La parte dell’anno che preferisce Andrea Maschio è tra settembre e fine novembre destinata alla distillazione. Ama viverla nei profumi delle materie prime che vanno trattate ed esaltate in modi diversi per ottenere quello che si immagina, quello che si ha nella testa esattamente come si ha un’intuizione. Insiste sull’importanza della materia prima: è lei a comandare ma è come la si tratta a fare la differenza, ogni volta che si crea un prodotto questo deve avere una sua posizione precisa, netta che si confronta con quella del distillatore, con la sua ipotesi di risultato. Intenzione e the reason why si confondono e si pretendono pur tenendosi a debita distanza. Ogni prodotto deve avere una sua cifra distintiva e riconoscibile di cui la materia prima è certamente tracciato essenziale: se distillo uva sentirò la buccia, per la grappa la vinaccia e così via.



Ma la difficoltà in fase di distillazione è data dal riuscire a isolare un determinato segmento per poi renderlo visibile e presente, esaltare diventa la parola d’ordine ma in alchimie che sfuggono a qualsiasi definizione.


“Ossessioni - dice Andrea Maschio – ognuno ha le sue e noi distillatori siamo forse tutti uguali: adoriamo le suggestioni, quella micro differenza che l’ossigeno sa esaltare. Se immaginiamo il distillato come una goccia trasparente piena di profumo in cui l’alcol tiene tutto insieme, capiamo meglio come l’ossigeno sia in grado di far uscire un po’ alla volta tutti sentori, più prende aria l’alcol più emana quella marea di terpeni cioè di sostanze contenute nella fragranza, che altro non sono se non molecole che influenzano gusto e olfatto.”

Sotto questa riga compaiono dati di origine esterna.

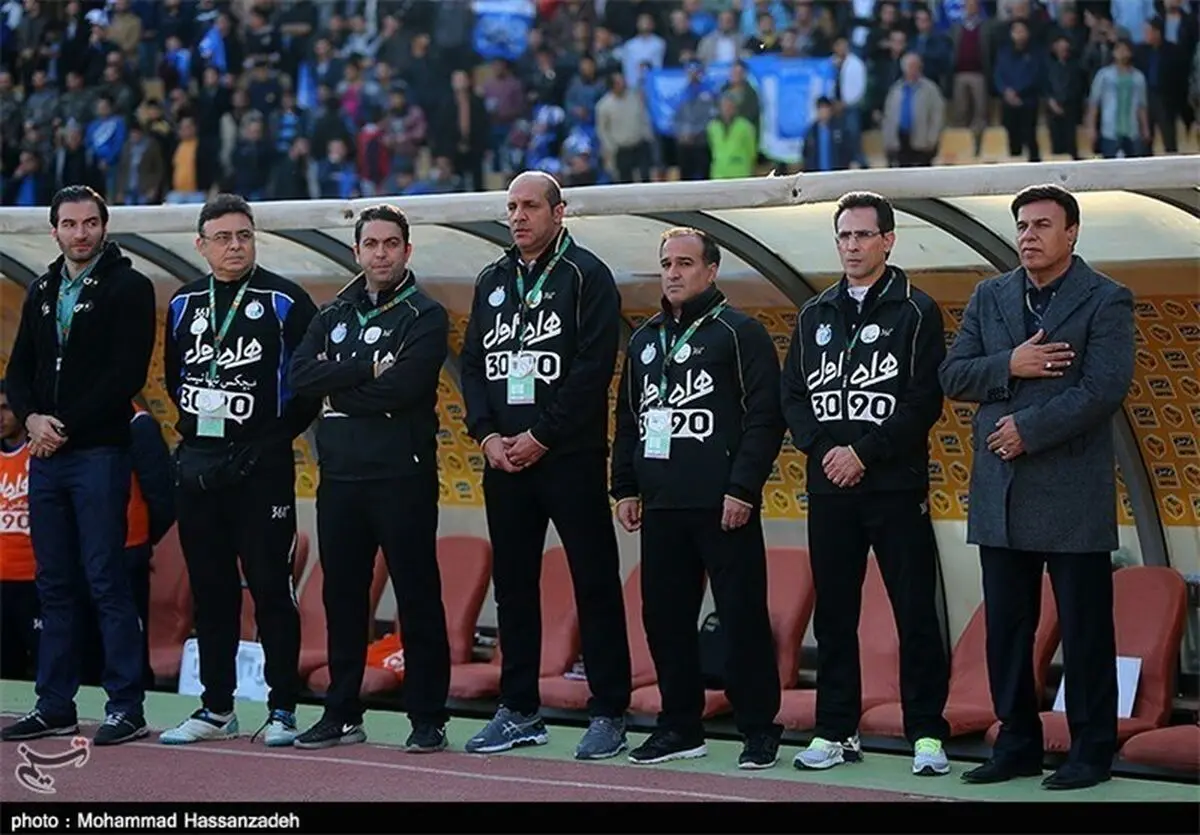 سازمان لیگ لطفش را در حق استقلال تمام کرد!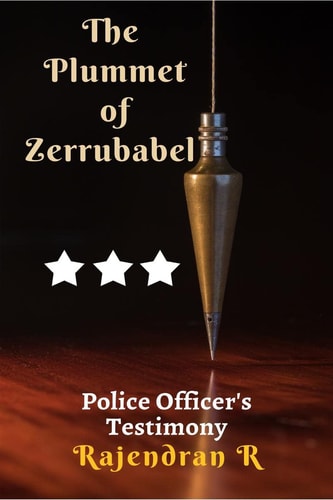 The Plummet of Zerrubabel Police Officer's Testimony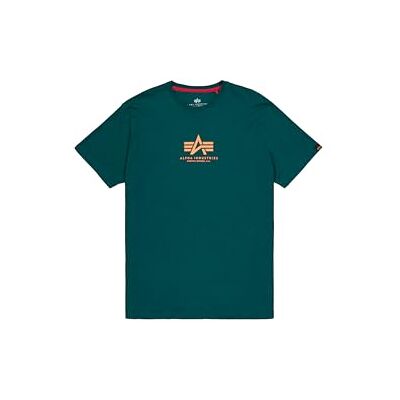 Alpha T-shirt, Vert force, XXL Alpha T-shirt, Vert force, XXL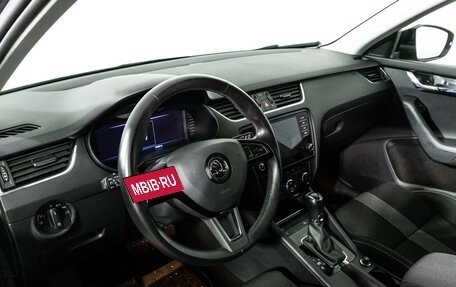 Skoda Octavia, 2020 год, 2 279 700 рублей, 11 фотография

Più l’ossigeno si accosta alla materia più ne lascia raccontare la sua storia e, per un “gerontofilo di vini” come si definisce lui stesso, l’idea di trovare un vino molto invecchiato e già scaraffato dal ristoratore, in qualche modo lo infastidisce. Perché lo priva di quell’esperienza di verifica dei cambiamenti che si ha invece nel controllo a piccoli passi, in quei brevi intervalli con cadenze di conoscenza reciproca. Nel rituale, considerato fatto privato, del sorseggiare lentamente in bicchieri molto grandi, vi è la parte divertente, a tratti elettrizzante, in cui è il prodotto a raccontarsi lentamente.



Nella distilleria Bonaventura Maschio che immette nel mercato grappe, acquavite d’uva e gin, coincide la sede di importazione e distribuzione di Ron Botran, una delle poche aziende produttrici di rum ad avere l’intera filiera di proprietà: 7.500 ettari nella costa pacifica del Guatemala dove caldo e umidità servono per definire del Botran le caratteristiche organolettiche. Alla coltivazione della canna da zucchero si affianca una meticolosa ricerca clonale estendendo al Guatemala quell’idea cui siamo oggi già abituati in campo viticolo, esattamente come avviene per l’uva nell’Istituto sperimentale per la viticoltura di Conegliano. Mentre per l’invecchiamento il rum viene trasportato da autobotti a 2400 metri sul livello del mare dove si è in grado di contenere il processo di evaporazione e, riducendo la dispersione di liquido in una percentuale importante, ogni anno verrà integrato con del nuovo prodotto. Anche la rotazione in botti diverse è parte fondamentale dell’invecchiamento, avviene in botti in cui precedentemente è stato invecchiato il wiskey e il bourbon che vengono poi tostate, cioè bruciate dall’interno, e debitamente scartavetrate. È quest’ultima fase a conferire al rum il caratteristico retrogusto amaro bilanciato poi dal passaggio in ex botti di sherry e infine di porto.